## EXERCISE
Once the line containing "Middle Atlantic Products" is found in the records below, return it and each following line exactly, up to and including the line containing "Vent-A-Hood SEPTH18-342 WH", and nothing else.

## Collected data
__________
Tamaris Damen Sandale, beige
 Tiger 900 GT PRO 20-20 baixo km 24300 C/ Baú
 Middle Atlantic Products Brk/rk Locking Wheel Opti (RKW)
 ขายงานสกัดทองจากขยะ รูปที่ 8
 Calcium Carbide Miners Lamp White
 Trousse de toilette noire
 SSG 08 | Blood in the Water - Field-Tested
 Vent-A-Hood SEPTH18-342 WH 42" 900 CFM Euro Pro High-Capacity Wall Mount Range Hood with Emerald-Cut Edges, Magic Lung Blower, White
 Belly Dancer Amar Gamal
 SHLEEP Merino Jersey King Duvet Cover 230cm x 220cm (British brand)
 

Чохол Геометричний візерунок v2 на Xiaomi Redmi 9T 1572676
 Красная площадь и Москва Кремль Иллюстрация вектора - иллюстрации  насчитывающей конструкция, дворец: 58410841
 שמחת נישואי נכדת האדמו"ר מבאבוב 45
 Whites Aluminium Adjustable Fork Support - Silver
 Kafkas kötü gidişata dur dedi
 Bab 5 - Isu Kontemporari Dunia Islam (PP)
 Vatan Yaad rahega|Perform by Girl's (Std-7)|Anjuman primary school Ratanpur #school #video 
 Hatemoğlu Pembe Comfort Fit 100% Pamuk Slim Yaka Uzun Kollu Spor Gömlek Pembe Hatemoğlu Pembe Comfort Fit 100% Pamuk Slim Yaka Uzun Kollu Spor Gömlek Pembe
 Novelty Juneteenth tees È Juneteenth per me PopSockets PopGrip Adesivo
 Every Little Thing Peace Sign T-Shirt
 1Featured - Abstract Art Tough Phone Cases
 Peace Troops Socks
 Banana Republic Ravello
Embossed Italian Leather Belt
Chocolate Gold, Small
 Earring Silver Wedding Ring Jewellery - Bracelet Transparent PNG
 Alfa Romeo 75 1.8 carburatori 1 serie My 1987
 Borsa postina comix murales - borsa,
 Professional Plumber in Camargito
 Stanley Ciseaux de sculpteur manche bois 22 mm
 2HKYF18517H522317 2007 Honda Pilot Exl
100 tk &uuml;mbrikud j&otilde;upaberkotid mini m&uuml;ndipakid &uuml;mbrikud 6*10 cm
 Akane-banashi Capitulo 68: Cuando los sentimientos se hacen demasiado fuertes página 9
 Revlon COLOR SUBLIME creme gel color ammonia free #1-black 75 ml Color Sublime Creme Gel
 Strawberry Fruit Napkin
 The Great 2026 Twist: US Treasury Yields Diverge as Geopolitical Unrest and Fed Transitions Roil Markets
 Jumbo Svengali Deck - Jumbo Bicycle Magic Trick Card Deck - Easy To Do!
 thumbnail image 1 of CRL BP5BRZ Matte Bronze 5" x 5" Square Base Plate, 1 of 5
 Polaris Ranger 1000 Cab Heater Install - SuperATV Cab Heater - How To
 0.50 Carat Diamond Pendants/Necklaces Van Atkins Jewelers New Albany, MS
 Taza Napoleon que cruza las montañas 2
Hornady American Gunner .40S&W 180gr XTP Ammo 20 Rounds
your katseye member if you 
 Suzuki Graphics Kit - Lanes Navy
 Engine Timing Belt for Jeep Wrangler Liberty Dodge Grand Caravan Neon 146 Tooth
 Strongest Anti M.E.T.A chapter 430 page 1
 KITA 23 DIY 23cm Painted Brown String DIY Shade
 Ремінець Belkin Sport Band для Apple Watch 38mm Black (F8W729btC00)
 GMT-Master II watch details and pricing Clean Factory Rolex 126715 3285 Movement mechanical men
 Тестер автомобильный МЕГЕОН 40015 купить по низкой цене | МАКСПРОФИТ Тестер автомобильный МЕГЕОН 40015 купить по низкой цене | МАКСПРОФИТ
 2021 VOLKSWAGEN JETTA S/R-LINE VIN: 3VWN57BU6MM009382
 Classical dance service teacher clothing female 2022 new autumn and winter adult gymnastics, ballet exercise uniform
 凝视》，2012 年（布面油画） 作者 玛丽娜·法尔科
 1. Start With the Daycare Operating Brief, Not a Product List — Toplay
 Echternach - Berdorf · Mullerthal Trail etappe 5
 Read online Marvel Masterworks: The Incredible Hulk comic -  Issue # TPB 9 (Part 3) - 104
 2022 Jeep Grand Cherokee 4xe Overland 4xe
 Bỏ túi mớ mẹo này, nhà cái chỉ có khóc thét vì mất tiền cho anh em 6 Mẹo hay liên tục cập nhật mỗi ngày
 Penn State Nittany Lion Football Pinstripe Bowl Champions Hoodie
__________
## OUTPUT
 Middle Atlantic Products Brk/rk Locking Wheel Opti (RKW)
 ขายงานสกัดทองจากขยะ รูปที่ 8
 Calcium Carbide Miners Lamp White
 Trousse de toilette noire
 SSG 08 | Blood in the Water - Field-Tested
 Vent-A-Hood SEPTH18-342 WH 42" 900 CFM Euro Pro High-Capacity Wall Mount Range Hood with Emerald-Cut Edges, Magic Lung Blower, White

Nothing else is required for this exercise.